Mata Jefrey sampai tak mampu berkedip sama sekali.
"Mommy," lirih Jefrey dengan mata berkaca-kaca.
Adisti seketika terperangah. Mengapa anak ini tiba-tiba memanggilnya 'mommy'?
"Aunty bukan Mommy-mu, Sayang. Kamu pasti merindukan Mommy, ya?"
Dengan mata berkaca-kaca, Jefrey mengangguk.
Adisti senang akhirnya Jefrey sadarkan diri. Sebenarnya Jefrey tidak mengalami luka fisik apapun di tubuhnya. Tapi menurut pemeriksaan dokter, Jefrey memiliki kondisi fisik yang kurang baik. Dokter bisa mengidentifikasi kalau Jefrey memiliki kelainan di dalam tubuhnya. Entah penyakit apa itu, dokter belum bisa memberikan kesimpulan sebelum melakukan pemeriksaan secara menyeluruh.

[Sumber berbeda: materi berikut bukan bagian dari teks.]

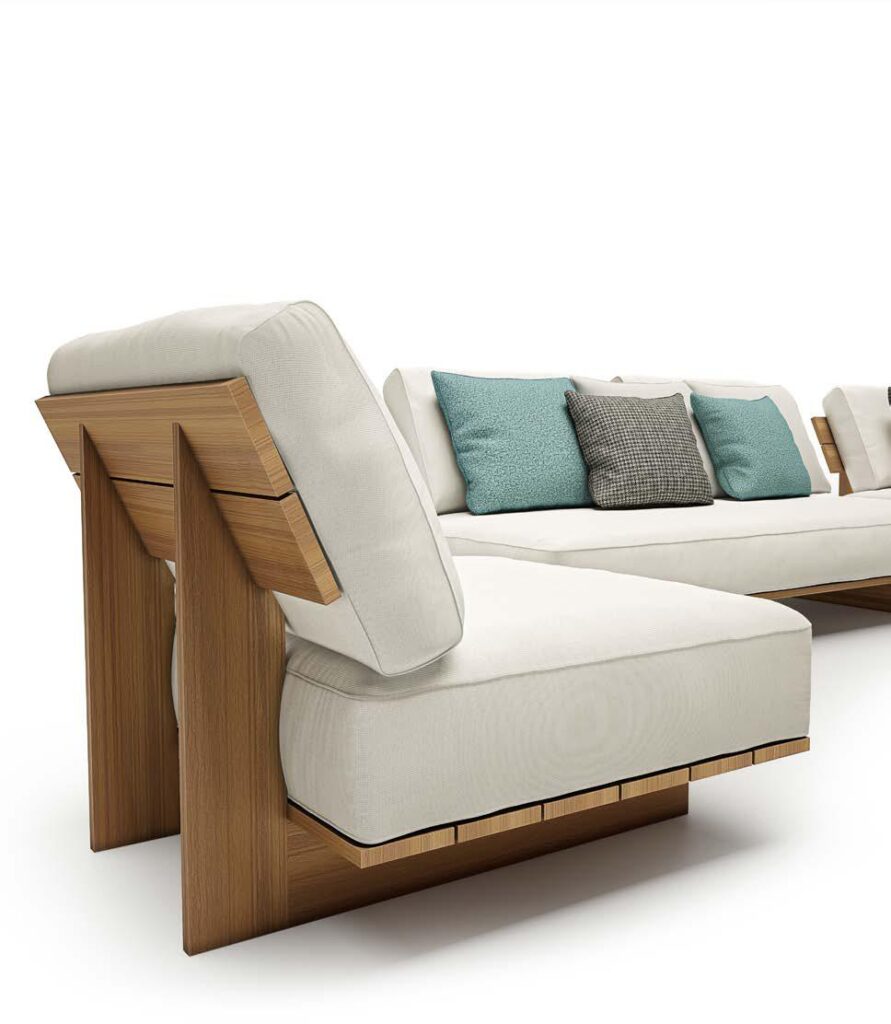 Dettaglio di poltrona outdoor in legno con cuscini chiari e cuscini decorativi azzurri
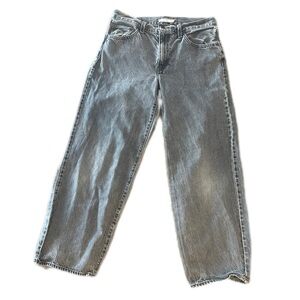 Levi 27” jeans dad baggy jeans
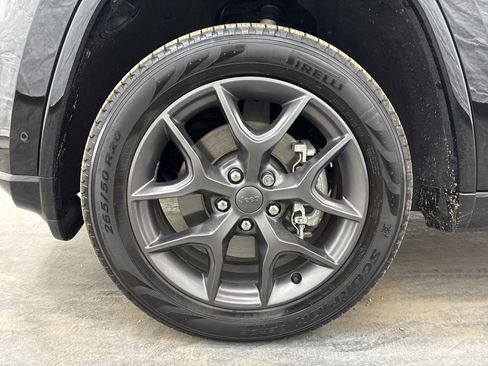Certified 2021 Jeep Grand Cherokee Limited w/ Quick Order Package 28K 80th AWD/4WD image 27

Namun berhubung Adisti bukanlah wali sah dari Jefrey jadi dokter tidak bisa melakukan pemeriksaan menyeluruh. Mungkin setelah orang tua atau wali sah Jefrey datang dan memberikan persetujuan, barulah mereka bisa melakukan pemeriksaan secara menyeluruh.
"Kalau begitu, bisa kamu beritahu, siapa mommy mu? Oh iya, perkenalkan, nama aunty Adisti. Nama kamu siapa?"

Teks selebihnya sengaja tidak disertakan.